*** Opening of SUPPLIED RECORDS ***

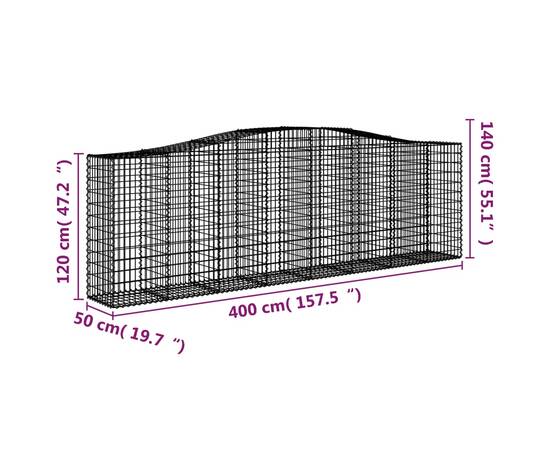 Coșuri gabion arcuite 2 buc, 400x50x120/140 cm, fier galvanizat, 6 image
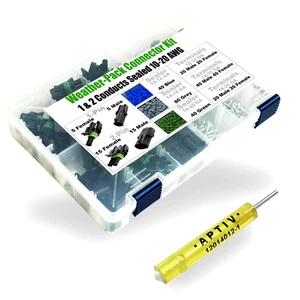 361pcs Aptiv (formerly Delphi) 1-2 Pin Weatherpack, 20 Amp Terminal Kit 10-20 - Picture 1 of 9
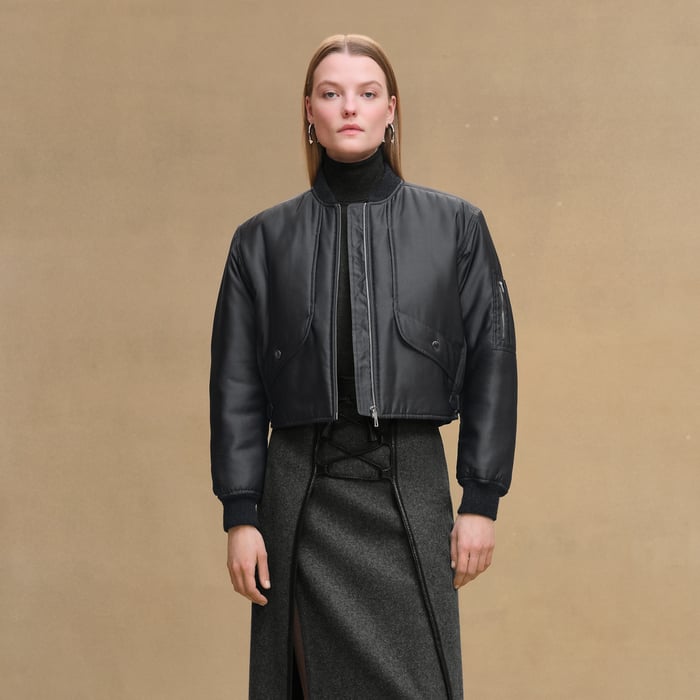 Gris Ardoise Bomber Jacket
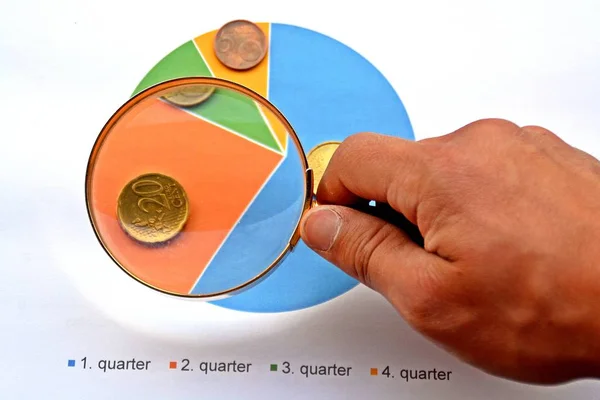 Man pointing with magnifying glass at a statistics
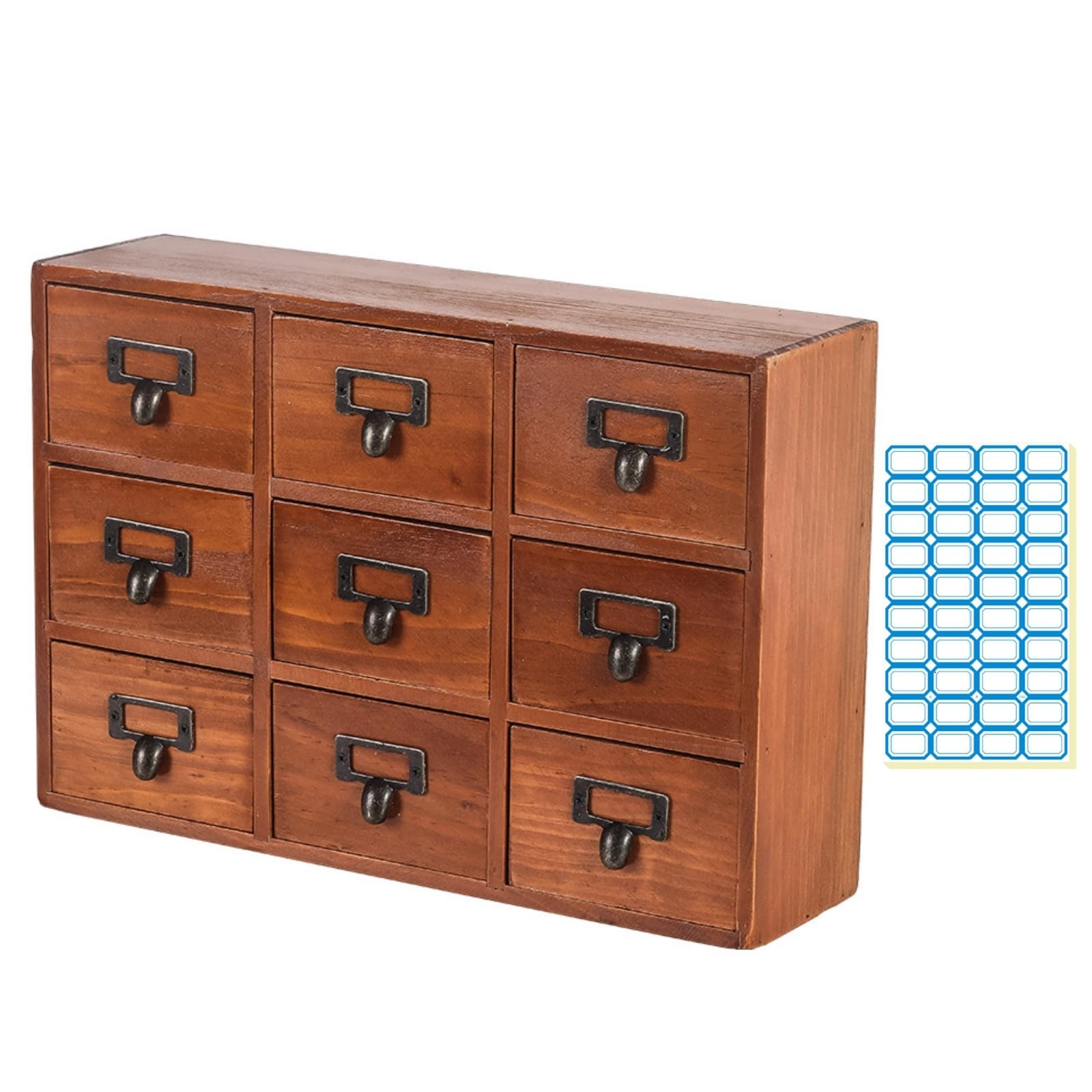 Wooden Vintage Apothecary Cabinet with 9 Drawer & Label Paper Card Catalog Ca…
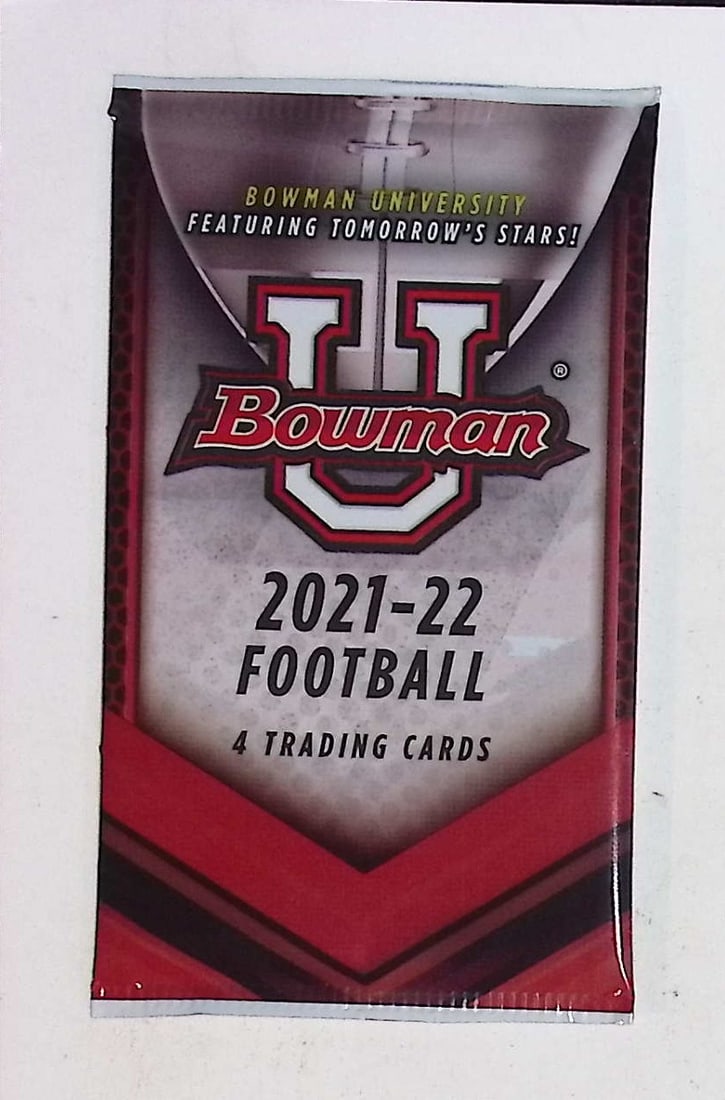 2021-22 Bowman U Football BLASTER BOX PACK NFL Trading Card: Bowman Rookie Football NCAA & NFL Trading Sports Cards, Sports Cards for Sale Near Me, 1st Bowman, Prospect, Autographs, Lava, Refractor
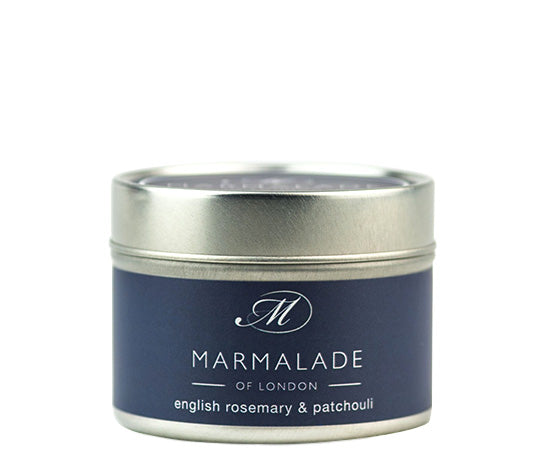 ENGLISH ROSEMARY AND PATCHOULI TIN CANDLE BY MARMALADE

*** Close of SUPPLIED RECORDS ***

Could you transcribe exactly the entries above, but only the lines from the one with "Wooden Vintage Apothecary" through the one with "2021-22 Bowman U", and without pictures?

SOLUTION TO THIS EXERCISE:
 Wooden Vintage Apothecary Cabinet with 9 Drawer & Label Paper Card Catalog Ca…
 2021-22 Bowman U Football BLASTER BOX PACK NFL Trading Card: Bowman Rookie Football NCAA & NFL Trading Sports Cards, Sports Cards for Sale Near Me, 1st Bowman, Prospect, Autographs, Lava, Refractor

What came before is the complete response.